Ho vissuto per sei anni in un bellissimo appartamento, di tre stanze, cucina abitabile, bagno e sgabuzzino, panoramico...avendo firmato un contratto, con una vecchia megera, di 350€ al mese. Quella cifra, per un appartamento del genere, a piazza Bologna, SULLA PIAZZA, era meno credibile dell'oroscopo di Capitani su Vanity Fair. E infatti io le davo 1500€ al mese, spese escluse. Alla fine mi sono incazzata, perché la vecchia rompeva troppo, e per gli ultimi mesi le ho dato sul serio 350€ al mese. E ho pure minacciato di denunciarla alla finanza. Credo che stia ancora rosicando, a distanza di due anni. E possedeva pure lei mezza Roma.
E.

eppifemili ha detto...

Anche io alla vetta della classifica dei miei pensieri elenco:
“com’è possibile che non riesco a buttare giù un chilo anche se sto praticamente mangiando aria e acqua?”.

Cazzo!!!
per la casa come al solito ti faccio in bocca al lupo.

AtenaG ha detto...

Piuttosto di tornare a vivere coi miei penso che preferirei suicidarmi soffocandomi di pringles.

angie ha detto...

1500 euro in due?
E io mi lamento degli affitti a Venezia?
Non sai quanto ti capisco Insy, dopo aver visionato col mio uomo cunicolo umidi, veri e propri magazzini riciclati a posto in cui vivere a cifre esorbitanti (si parla di 700, 800 auro al mese per un monolocale di 35 mq...) mi sono rassegnata e sono andata ad occupare la casa dello zio chiappechiaccheratissime mentre lui si godeva il suo meritato riposo in tunisia in compagnia di ragazzotti ingenui.
Presa dallo sconforto chiamo un numero trovato per strada di una signora che regalava gattini in cerca di casa e con una botta di culo che - trattandosi di me - ha del prodigioso, la signora in questione non solo mi da il gatto, ma mi dice anche di avere una casa nuova, appena restaurata, mobilio nuovo di zecca, 70 mq praticamente sopra al ponte di Rialto.
Io non ho nemmeno osato chiedere il prezzo, mi sono limitata a dirle che ringraziavo tanto ma che potevamo arrivare al massimo a 800 euro al mese... beh, come per magia la signora mi dice che le piaccio già un sacco dalla voce e che a me l'appartamento lo da per quel prezzo li.
Morale: la casa è uno spettacolo, di gatti ne ho presi 4 in un mese, la signora ci invita anche a mangaire fuori con lei (e paga lei) e se per caso facciamo difficoltà a pagare non ci sono problemi...
Insy, te lo dico da una vita VIENI IN LAGUNA!!!!

Enrico* ha detto...

Cioè, fammi capire... Ora Redrum è il correttore ufficiale? :-D

Comunque a Salerno era più facile affittare casa!! Perché non ti trasferisci lì?

Anonimo ha detto...

IO UNA CASA DA AFFITTARE CE L'HO, PERO' E' IN PROVINCIA DI BERGAMO... UN PO' LONTANUCCIO EH?
PENSA HO ANCHE IL LETTO A SOPPALCO DELL'IKEA COME IL TUO!

CIAO!
GRETA

Anonimo ha detto...

Che la busta paga debba essere comunque pari al doppio dell’affitto della casa non l'avevo mai sentito... annamo sempre peggio...
Be' in bocca al lupo.
Rf

INSY LOAN E LO STATO DELLE COSE ha detto...

ma infatti ad un certo punto sembrava un gioco: "fa la prima richiesta assurda che ti viene in mente"

fulvio ha detto...

Insy, ma sai che ti dico, secondo me c'è di mezzo lo zampino acido dell'agente immobiliare.
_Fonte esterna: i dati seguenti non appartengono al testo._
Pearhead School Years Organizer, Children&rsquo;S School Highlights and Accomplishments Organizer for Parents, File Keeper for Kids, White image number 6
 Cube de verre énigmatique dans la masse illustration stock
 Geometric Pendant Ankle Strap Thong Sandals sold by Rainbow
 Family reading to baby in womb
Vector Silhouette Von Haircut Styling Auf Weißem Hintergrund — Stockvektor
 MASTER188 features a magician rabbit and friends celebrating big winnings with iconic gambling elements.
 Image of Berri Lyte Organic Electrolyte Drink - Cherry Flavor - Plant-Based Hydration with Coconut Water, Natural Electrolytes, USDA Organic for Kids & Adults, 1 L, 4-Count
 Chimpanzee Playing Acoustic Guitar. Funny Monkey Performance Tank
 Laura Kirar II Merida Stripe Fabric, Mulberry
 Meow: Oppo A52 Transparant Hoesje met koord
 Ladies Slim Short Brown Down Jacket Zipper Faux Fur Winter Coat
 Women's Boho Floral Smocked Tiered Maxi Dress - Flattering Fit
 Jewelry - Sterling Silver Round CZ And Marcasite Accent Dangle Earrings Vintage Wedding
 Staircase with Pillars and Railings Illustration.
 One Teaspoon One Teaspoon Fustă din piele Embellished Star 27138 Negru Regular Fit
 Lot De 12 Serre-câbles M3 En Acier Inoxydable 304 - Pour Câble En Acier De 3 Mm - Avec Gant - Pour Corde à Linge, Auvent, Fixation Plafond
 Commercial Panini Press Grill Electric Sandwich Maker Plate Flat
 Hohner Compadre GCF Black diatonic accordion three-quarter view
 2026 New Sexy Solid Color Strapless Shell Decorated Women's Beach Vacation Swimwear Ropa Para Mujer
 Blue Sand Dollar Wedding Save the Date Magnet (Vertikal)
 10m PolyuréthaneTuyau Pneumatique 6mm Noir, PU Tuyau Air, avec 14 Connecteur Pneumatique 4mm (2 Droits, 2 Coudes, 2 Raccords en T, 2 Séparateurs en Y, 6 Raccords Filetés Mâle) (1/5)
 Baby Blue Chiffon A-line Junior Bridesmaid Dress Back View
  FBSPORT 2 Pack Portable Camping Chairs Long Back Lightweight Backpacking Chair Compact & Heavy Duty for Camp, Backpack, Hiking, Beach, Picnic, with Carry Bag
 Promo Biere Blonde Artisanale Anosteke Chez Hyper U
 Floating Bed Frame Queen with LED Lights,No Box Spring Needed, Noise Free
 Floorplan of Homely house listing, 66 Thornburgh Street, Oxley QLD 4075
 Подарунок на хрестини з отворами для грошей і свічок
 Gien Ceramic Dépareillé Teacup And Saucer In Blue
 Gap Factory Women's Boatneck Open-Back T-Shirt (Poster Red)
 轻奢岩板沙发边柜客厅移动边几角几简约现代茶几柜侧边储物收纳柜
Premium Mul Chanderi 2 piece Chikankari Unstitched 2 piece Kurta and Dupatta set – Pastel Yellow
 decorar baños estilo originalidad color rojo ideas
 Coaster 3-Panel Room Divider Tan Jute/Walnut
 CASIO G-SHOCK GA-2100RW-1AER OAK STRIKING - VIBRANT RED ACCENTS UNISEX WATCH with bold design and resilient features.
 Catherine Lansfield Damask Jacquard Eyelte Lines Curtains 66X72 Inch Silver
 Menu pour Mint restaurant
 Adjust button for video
A volte temporeggiano o interpretano come vogliono le richieste dei padroni di casa, in attesa di trovare un acquirente più danaroso a cui chiedere di più. Mi è capitato sulla mia pelle. Pensa che invece i padroni di casa che ho incontrato direttamente non mi hanno mai chiesto la busta paga, ma si sono fidati della stretta di mano e dei soldi - abbondanti - dati come caparra. Certo magari sono stato fortunato, ma ti consiglio di provare con un sito, casetraprivati.com: funziona, non è assolutamente aperto ad AGENZIE e si incontrano persone serie. Funziona sia per l'affitto che per la compravendita.

Pizzi ha detto...

Magari sono io malizioso... ma non e'che la vecchia megera abbia cambiato idea perche' preferiva affittare la casa a una bella coppietta di sposini etero??

Magika ha detto...

Insy, te l'ho detto: vieni a vivere a Milano! Per 1500 euro affitti villa Invernizzi, compresi i fenicotteri rosa!

Anonimo ha detto...

Benvenuto nel mondo vero, caro Alessandro. Il mondo in cui la gente affitta case fuori dal centro, il mondo in cui la gente si fa il culo per laurearsi e poi trovare un lavoro stabile, il mondo in cui la gente lavora cosi tanto che non ha tutto questo tempo e forza per scrivere i blog e andare a sculettare in discoteca. Insomma, la gente si dà da fare per non trovarsi in situazioni precarie come la tua. Te invece continui a concentrarti su come perdere un chilo o contestare le inutili associazioni gay romane. Ma non ti neghi comunque il piacere di lamentarti contro gli eventi che 'stranamente' ti fanno andare le cose di merda. Chissà come mai.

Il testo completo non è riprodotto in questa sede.